But all people face this problem of sin.  We may face different types of temptation.  Something may be very tempting to one person that does not tempt another person at all.  But we all face temptation, and sin can dominate in our lives.  That is why God gave the law in the Old Testament: it showed the people their sin and need of a Savior.  It showed them that they could not measure up to the standard of God’s holiness; they needed His help.  That’s why Galatians 3:24 says, “Wherefore the law was our schoolmaster to bring us unto Christ, that we might be justified by faith.”  The law taught us our need of Christ so that we could be justified (saved from sin and its eternal punishment along with receiving eternal life in heaven with God) through faith in Christ.  The law showed us that we couldn’t earn God’s favor and that we need Christ.

But after we receive Christ, we as Christians should live differently (2 Corinthians 5:17; Ephesians 4:17-24).  God has made us into something new, and we should live according to this new life.  But we still struggle with sin, as we see every day.  Paul details his own personal struggle with sin in Romans 7.  Even after serving God faithfully for many years, he still struggled with temptation and sin.  In his mind, he wanted to be faithful to God and live rightly.  But in his flesh, he still faced the temptation for sin.  That is why Romans 7:15 says, “For that which I do I allow not: for what I would, that do I not; but what I hate, that do I.”  Paul said that at times he did the things that he knew were wrong, and he did not always do the things that he knew were right.  As a Christian, we can recognize this struggle in our own lives.  We know what is right, and in our minds we want to do it.  But our flesh and natural desires pull us the other way.  They pull us toward the sin that we know is wrong.  As God warned Cain, sin would have dominion over us.  For the Christian, this sin does not take away salvation (Romans 8:1; 1 Corinthians 3:15).  But it still is not the way that God wants us to live.

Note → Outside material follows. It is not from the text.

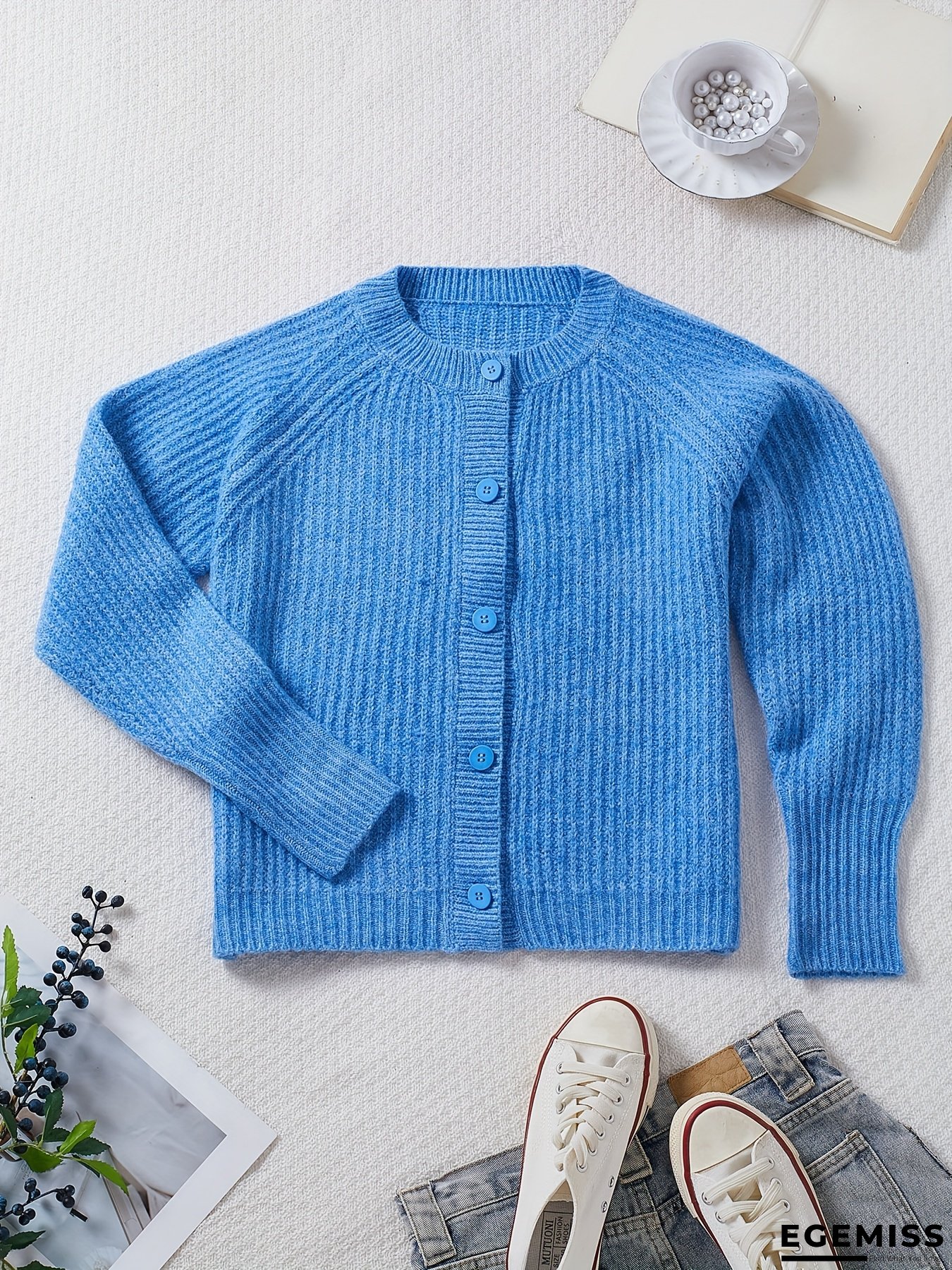 Stylish Blue Buttoned Cardigan Women's Top, Fashionable Soft Long-Sleeved Ladies' Sweater, Warm Autumn-Winter Clothing for Daily Casual Commuting, High-Quality Fabric Construction | EGEMISS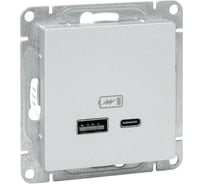 Механизм розетки EKF USB-A+С, алюминий Эпика UP1-SOA-USBA+USBC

So what is the solution?  Can we overcome sin in our own strength?  The answer is no.  We cannot defeat sin in our own strength.  Just as we could not earn our righteousness and God’s favor by following the law, we cannot live rightly as Christians in our own strength.  In fact, we fall most often when we think we can handle something in our own strength (Proverbs 16:18).  Instead, we must depend on God to help us overcome temptation.  Paul sums up his struggle in Romans 7:24, which says, “O wretched man that I am! who shall deliver me from the body of this death?”  But then he gives the answer in Romans 7:25, which says, “I thank God through Jesus Christ our Lord. So then with the mind I myself serve the law of God; but with the flesh the law of sin.”  God is the One who can help us overcome sin.  As James Montgomery Boice said, “If we would master sin, we must first be mastered by Him who mastered it.  We must be the Master’s.”  Jesus Christ is the One who lived a perfect life on earth, fulfilling the Old Testament Law (Hebrews 4:15; 7:26-27).  He is the One who has mastered sin.  So if we are to overcome temptation in our lives, then we must be controlled by God, as Paul says in the end of Romans 7.  Romans 8:3-4 says, “For what the law could not do, in that it was weak through the flesh, God sending his own Son in the likeness of sinful flesh, and for sin, condemned sin in the flesh: That the righteousness of the law might be fulfilled in us, who walk not after the flesh, but after the Spirit.”  Christ conquered and condemned sin in the flesh, and now we should walk after the Spirit, not after the flesh.  We must depend on the Holy Spirit, following His guidance, in order to live the way that God wants us to.  As Christians, we will face temptation and sin for the rest of our lives.  But God has also given us the Holy Spirit to help us through the temptation.